Short descriptive text snippets
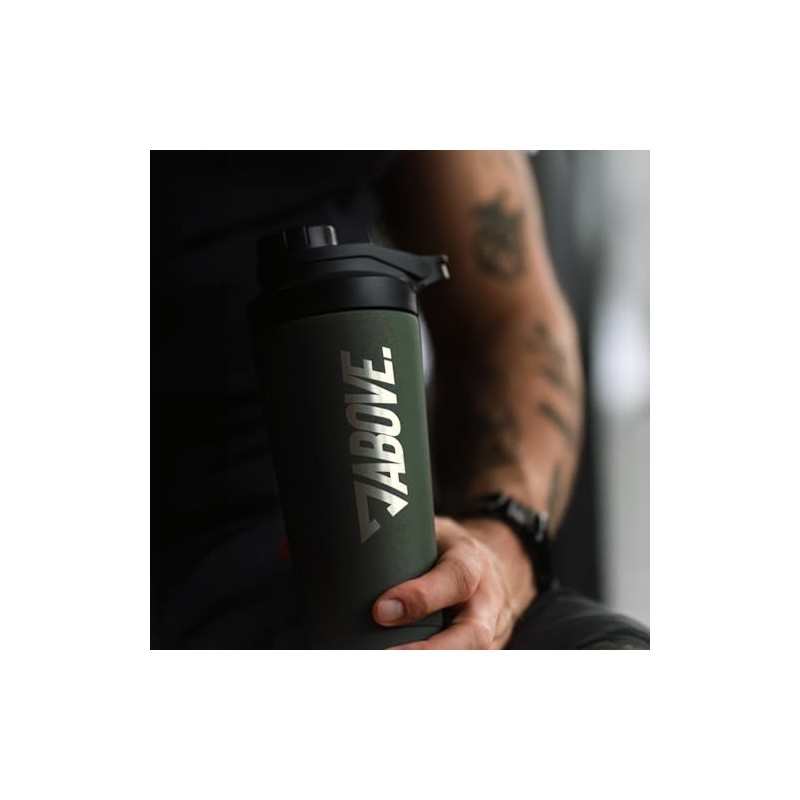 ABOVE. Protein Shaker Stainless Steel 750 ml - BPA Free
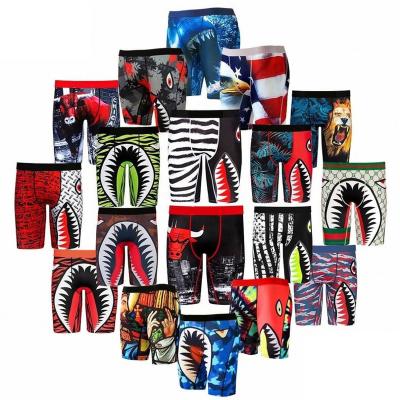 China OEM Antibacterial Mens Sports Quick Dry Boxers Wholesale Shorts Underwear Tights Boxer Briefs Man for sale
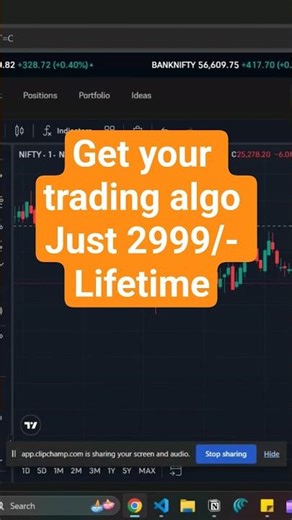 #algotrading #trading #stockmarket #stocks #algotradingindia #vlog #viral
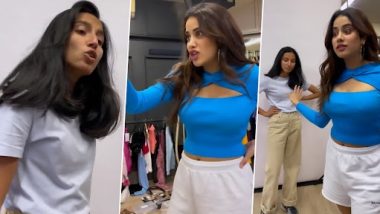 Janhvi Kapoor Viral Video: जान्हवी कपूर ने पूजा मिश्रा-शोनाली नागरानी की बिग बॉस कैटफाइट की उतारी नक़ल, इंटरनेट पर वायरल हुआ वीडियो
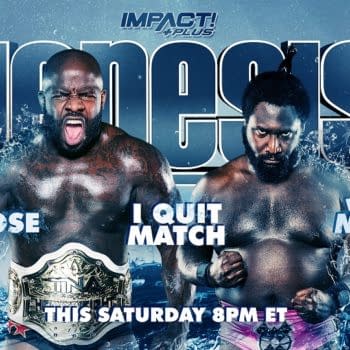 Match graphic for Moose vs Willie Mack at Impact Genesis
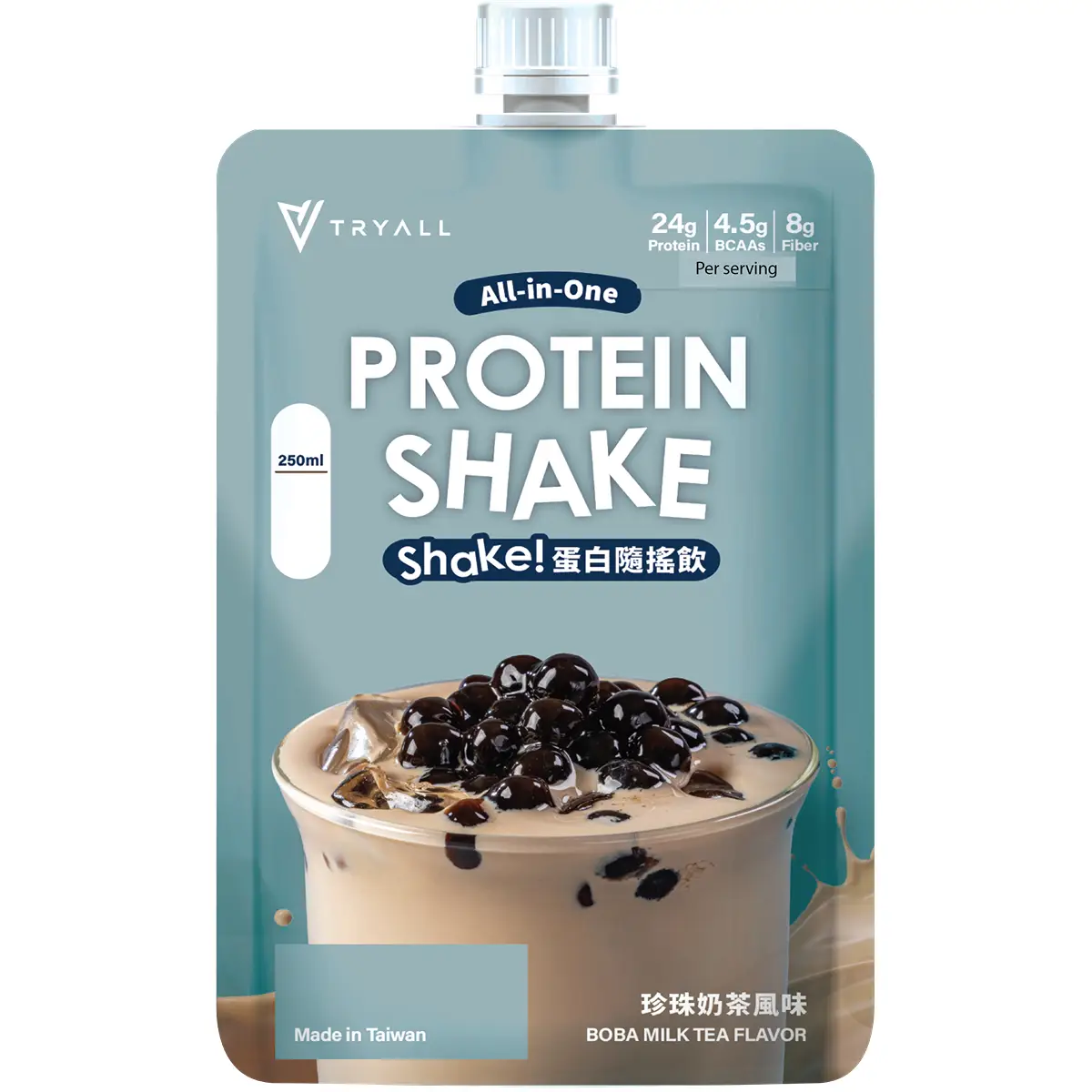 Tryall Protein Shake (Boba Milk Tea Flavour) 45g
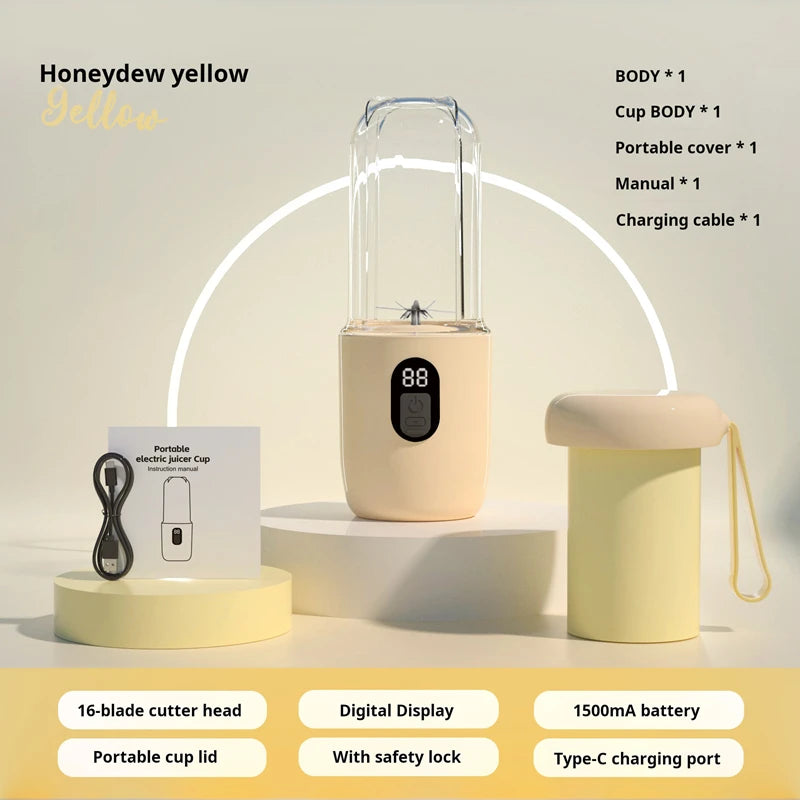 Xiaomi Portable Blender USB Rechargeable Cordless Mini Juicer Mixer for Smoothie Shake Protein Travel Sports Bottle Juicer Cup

- [Exercise requirements]: Please reproduce each entry above word for word and keep the pictures out of the copy.

- [Task result]:
 ABOVE. Protein Shaker Stainless Steel 750 ml - BPA Free
 China OEM Antibacterial Mens Sports Quick Dry Boxers Wholesale Shorts Underwear Tights Boxer Briefs Man for sale
 #algotrading #trading #stockmarket #stocks #algotradingindia #vlog #viral
 Janhvi Kapoor Viral Video: जान्हवी कपूर ने पूजा मिश्रा-शोनाली नागरानी की बिग बॉस कैटफाइट की उतारी नक़ल, इंटरनेट पर वायरल हुआ वीडियो
 Match graphic for Moose vs Willie Mack at Impact Genesis
 Tryall Protein Shake (Boba Milk Tea Flavour) 45g
 Xiaomi Portable Blender USB Rechargeable Cordless Mini Juicer Mixer for Smoothie Shake Protein Travel Sports Bottle Juicer Cup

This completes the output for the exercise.